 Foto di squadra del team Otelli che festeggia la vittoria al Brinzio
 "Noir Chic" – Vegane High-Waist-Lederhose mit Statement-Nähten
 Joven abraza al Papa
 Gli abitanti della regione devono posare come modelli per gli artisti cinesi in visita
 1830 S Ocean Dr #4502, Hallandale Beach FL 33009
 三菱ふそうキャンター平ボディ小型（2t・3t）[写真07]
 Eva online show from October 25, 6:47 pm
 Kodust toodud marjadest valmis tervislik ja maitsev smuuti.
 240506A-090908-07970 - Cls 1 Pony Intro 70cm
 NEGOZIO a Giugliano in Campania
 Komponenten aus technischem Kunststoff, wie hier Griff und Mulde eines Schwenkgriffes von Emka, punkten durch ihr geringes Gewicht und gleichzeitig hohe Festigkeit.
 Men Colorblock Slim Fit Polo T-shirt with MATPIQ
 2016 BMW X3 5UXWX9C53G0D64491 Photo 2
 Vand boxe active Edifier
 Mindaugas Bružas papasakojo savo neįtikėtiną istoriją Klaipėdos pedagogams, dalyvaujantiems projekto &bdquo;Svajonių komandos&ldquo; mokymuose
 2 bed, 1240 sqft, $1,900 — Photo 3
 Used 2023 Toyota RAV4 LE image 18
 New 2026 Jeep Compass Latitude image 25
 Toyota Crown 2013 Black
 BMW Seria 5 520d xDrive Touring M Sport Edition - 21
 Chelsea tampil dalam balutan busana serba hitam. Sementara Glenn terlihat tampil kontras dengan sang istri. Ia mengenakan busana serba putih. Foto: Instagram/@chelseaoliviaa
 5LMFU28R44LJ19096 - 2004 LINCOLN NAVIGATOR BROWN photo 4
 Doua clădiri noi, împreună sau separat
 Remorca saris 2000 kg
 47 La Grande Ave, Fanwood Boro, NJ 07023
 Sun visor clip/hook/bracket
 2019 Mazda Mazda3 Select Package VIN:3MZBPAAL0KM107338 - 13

──────────────────────────────

## Task requirements
Go through the listing above and set down each line exactly as it stands.

## Reply to the exercise
 Foto di squadra del team Otelli che festeggia la vittoria al Brinzio
 "Noir Chic" – Vegane High-Waist-Lederhose mit Statement-Nähten
 Joven abraza al Papa
 Gli abitanti della regione devono posare come modelli per gli artisti cinesi in visita
 1830 S Ocean Dr #4502, Hallandale Beach FL 33009
 三菱ふそうキャンター平ボディ小型（2t・3t）[写真07]
 Eva online show from October 25, 6:47 pm
 Kodust toodud marjadest valmis tervislik ja maitsev smuuti.
 240506A-090908-07970 - Cls 1 Pony Intro 70cm
 NEGOZIO a Giugliano in Campania
 Komponenten aus technischem Kunststoff, wie hier Griff und Mulde eines Schwenkgriffes von Emka, punkten durch ihr geringes Gewicht und gleichzeitig hohe Festigkeit.
 Men Colorblock Slim Fit Polo T-shirt with MATPIQ
 2016 BMW X3 5UXWX9C53G0D64491 Photo 2
 Vand boxe active Edifier
 Mindaugas Bružas papasakojo savo neįtikėtiną istoriją Klaipėdos pedagogams, dalyvaujantiems projekto &bdquo;Svajonių komandos&ldquo; mokymuose
 2 bed, 1240 sqft, $1,900 — Photo 3
 Used 2023 Toyota RAV4 LE image 18
 New 2026 Jeep Compass Latitude image 25
 Toyota Crown 2013 Black
 BMW Seria 5 520d xDrive Touring M Sport Edition - 21
 Chelsea tampil dalam balutan busana serba hitam. Sementara Glenn terlihat tampil kontras dengan sang istri. Ia mengenakan busana serba putih. Foto: Instagram/@chelseaoliviaa
 5LMFU28R44LJ19096 - 2004 LINCOLN NAVIGATOR BROWN photo 4
 Doua clădiri noi, împreună sau separat
 Remorca saris 2000 kg
 47 La Grande Ave, Fanwood Boro, NJ 07023
 Sun visor clip/hook/bracket
 2019 Mazda Mazda3 Select Package VIN:3MZBPAAL0KM107338 - 13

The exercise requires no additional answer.